Friday, March 1, 2013

Rosa Maria Payá Acevedo: Death threats have now extended to all my family

"Reconciliation and peace require the recognition of the whole truth." - Rosa Maria Payá Acevedo, February 28, 2013 over twitter

Stop the Impunity
by Rosa Maria Payá Acevedo 

I arrived in Europe just a little over a week ago. The Madrid cold chilled me to the bone but was soon overtaken by the wave of sensations and warmth of meeting with my family, my uncles, my cousins and friends who have so long been away. It had been ten years that I hadn’t seen, for example, Regis Iglesias, who went out one day in the spring of 2003 from our home in the Cerro to be kidnapped by the Cuban government for more than seven years. He was then deported to Spain without even the right to visit friends before leaving. I remember my father said farewell to him from a fence. How could anyone imagine that this would be the last time they would see these two inseparable friends and comrades in struggle. 
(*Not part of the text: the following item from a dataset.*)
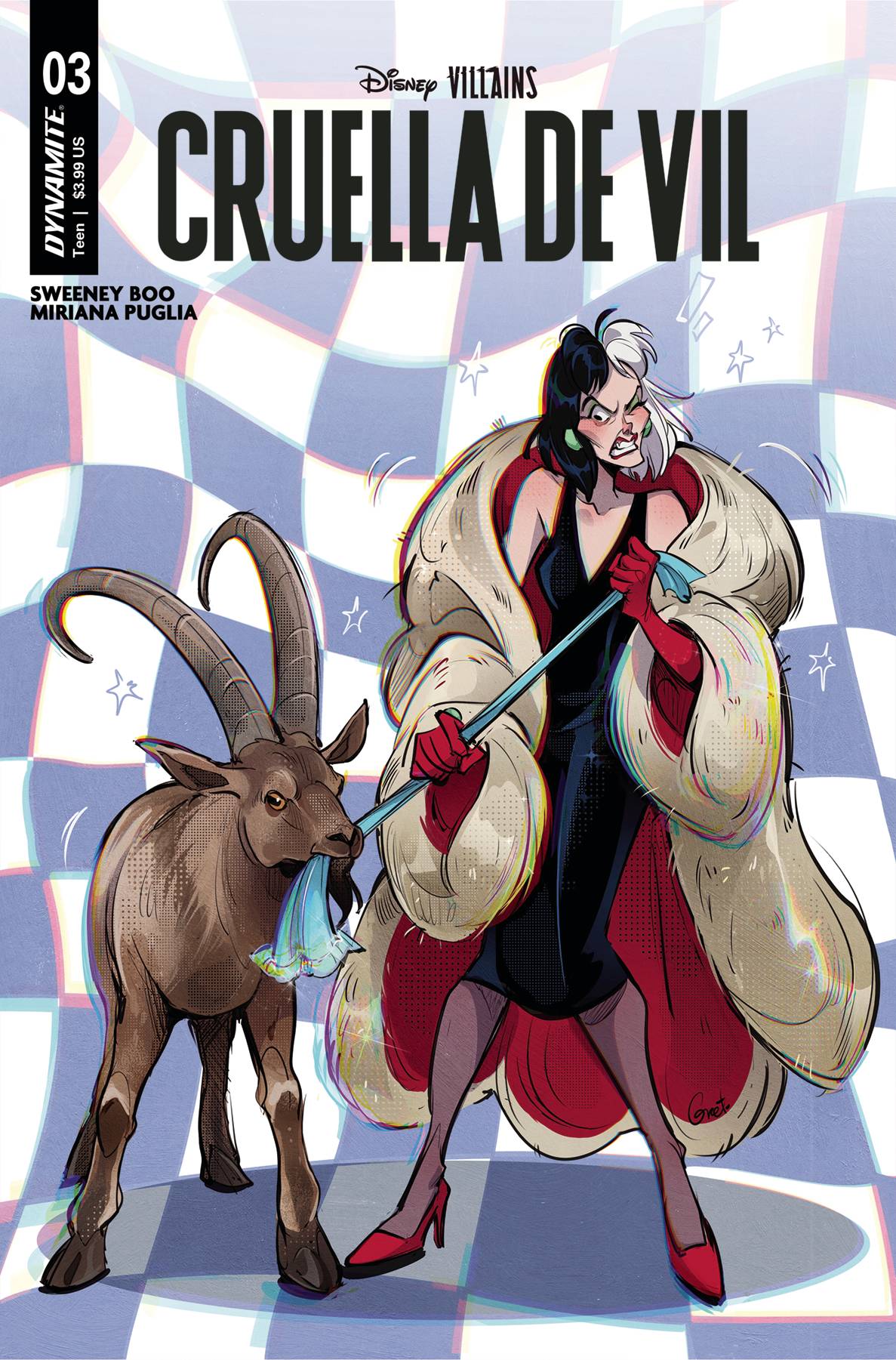 DISNEY VILLAINS CRUELLA DE VIL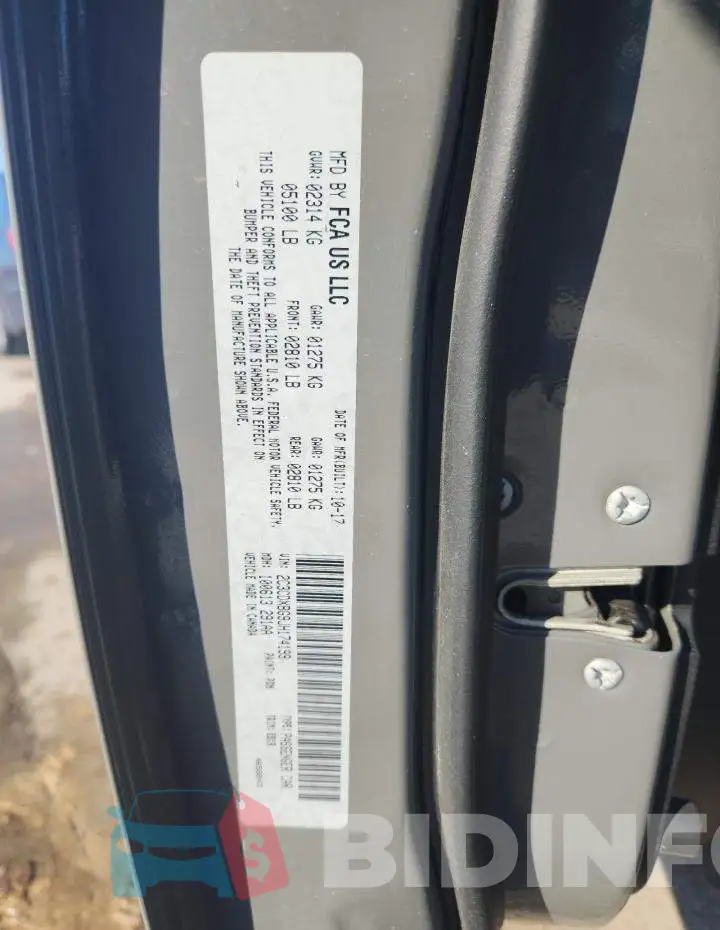2C3CDXBG9JH174199 Photo# 12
When two months ago the Cuban government told me through its military officials in the offices of emigration that I could not travel and when that changed that they would tell me, I decided I would not ask permission. On that occasion I met all the ominous legal requirements to leave the country, and with the change in the law followed I continued to meet them. The difference was that now they could reject me at customs, but they did not. In no way do I think I escaped, I left because the government allowed it. In Cuba, with and without immigration reform, who goes in and out is whom the government decides. The proof is that Regis Iglesias cannot enter Cuba and that several have already been warned that they cannot leave. 
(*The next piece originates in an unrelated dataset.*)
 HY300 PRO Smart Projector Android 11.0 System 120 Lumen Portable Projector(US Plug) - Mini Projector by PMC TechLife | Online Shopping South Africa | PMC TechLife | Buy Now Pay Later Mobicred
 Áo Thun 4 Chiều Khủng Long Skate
The reason for my trip in the first place was to address a summit on human rights and democracy in Geneva. There, we discussed our concerns about the unstable situation of our country and the oppression to which its citizens are subjected. We explained the common initiative of the Peoples Path that is the option validated by most of the opposition which lays the foundation and the basic steps we must take as a people in the transition to democracy. We recalled that more than 25,000 citizens for the past 10 years have been demanding the government lawfully conduct a plebiscite, when the constitution only asks for 10,000 petitioners and explained what makes up the Heredia Project

At the summit in Geneva, I met many people from diverse and conflicting realities moved to solidarity with their neighbors and risked their welfare for the well-being of others. I discovered that despite our different religions, cultures and traditions we were all advocating for similar goals: respect for human rights and recognition of these unfair and difficult realities by the international community. 

There, as in Madrid, we have been reminded that the death threats received by my father were made concrete on July 22, 2012 and requested support to investigate his death and the death of my friend Harold Cepero. We left behind a statement being signed by those attending the summit explicitly requesting support for an investigation to clarify what happened. The truth is essential, for justice, as a way for true reconciliation, but also as a warning, because death threats have now extended to all my family and the repression increases against members of the MCL and the entire opposition.

For our people, for our future and for the safety of an entire nation, the international community's message to those in power in Cuba must also be: STOP THE IMPUNITY.